Finance leaders from the Group of 20 major economies agreed that trade disputes pose a threat to global growth but did not produce concrete steps to tackle the issue at a two-day meeting that concluded on Friday.

The gathering in Washington was held amid mounting fears that recent friction between the United States and China could escalate into a full-blown trade war. Japan, which risks being caught between its two biggest trading partners, stressed that such a scenario would produce “no winners,” a government official said.

The global economy has improved on the back of robust trade, with the International Monetary Fund forecasting year-on-year growth of 3.9 percent in 2018 and 2019, picking up from 3.8 percent last year.

But the IMF has also warned that inward-looking policies which undermine trade are one of the major downside risks to the forecasts.

The G-20 did not issue a joint statement, having done so just last month. At that gathering, they recognized “the need for further dialogue and actions” on trade. It remains to be seen if they will move further when they next gather in Buenos Aires in July.

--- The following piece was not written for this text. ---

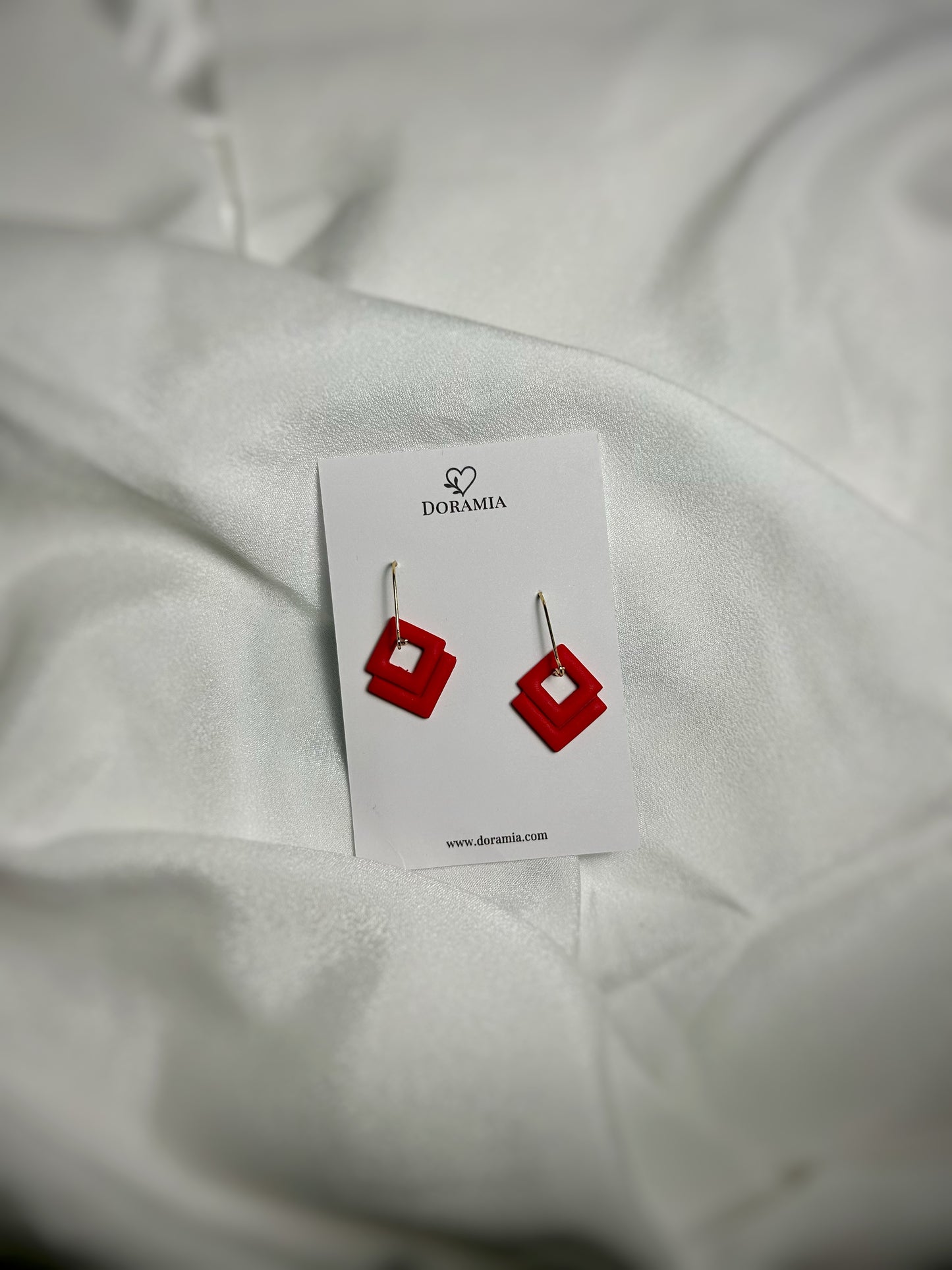 Cercei romb din lut polimeric lucrați manual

The finance minister of Argentina, which holds the G-20 presidency this year, admitted that the forum was not equipped to take specific measures on trade. “We have to recognize the limitations that we as a group have,” Nicolas Dujovne told a news conference.

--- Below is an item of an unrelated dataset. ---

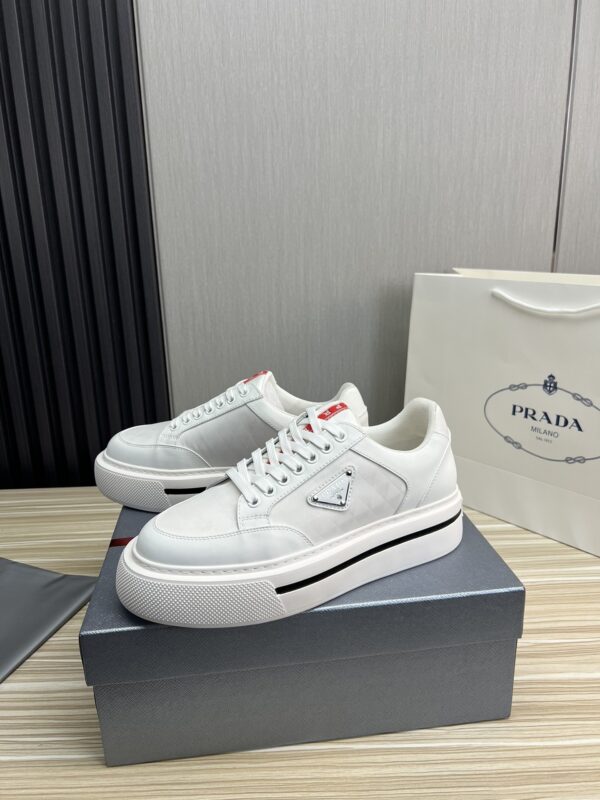 sy_no_71F76CFD5B5188B83B8B6F456684C82F_3 Prada White Leather Nylon Triangle Logo Chunky Sole Sneaker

Dujovne added that while the finance ministers and central bank governors at the meeting were in agreement on the benefits of trade, opinions differed on the role that multilateralism had to play.

U.S. President Donald Trump has criticized multilateral trade frameworks, such as the North American Free Trade Agreement and the Trans-Pacific Partnership, as disadvantaging his country, pushing for bilateral deals instead.

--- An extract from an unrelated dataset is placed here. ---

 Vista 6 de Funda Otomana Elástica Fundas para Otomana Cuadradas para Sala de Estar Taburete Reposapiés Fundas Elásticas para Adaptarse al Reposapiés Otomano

The just-concluded meeting marked the return to the forum of Finance Minister Taro Aso, who sat out the March conference to deal with a cronyism scandal involving a state land sale by his ministry.

“No country will benefit from adopting inward-looking policies. If protectionism spreads, there will be less wealth to go around for everyone,” he said on Thursday.

Other issues that were raised include the risk that faster-than-expected tightening of monetary policy in the United States and Europe could roil financial markets.

Geopolitical risks were also discussed, including the civil war in Syria, where the United States and its allies launched airstrikes in response to alleged chemical weapon attacks by the Russia-backed government.

Aso also held bilateral talks with U.S. Treasury Secretary Steven Mnuchin, where he voiced concern over Washington’s shift toward protectionist policies under Trump.

A Japanese government official said Aso also called for the country to be exempted from the stiff tariffs on steel and aluminum imports that Washington rolled out last month, primarily targeting China.

The G-20 brings together Argentina, Australia, Brazil, Britain, Canada, China, France, Germany, India, Indonesia, Italy, Japan, Mexico, Russia, Saudi Arabia, South Africa, South Korea, Turkey, the United States and the European Union.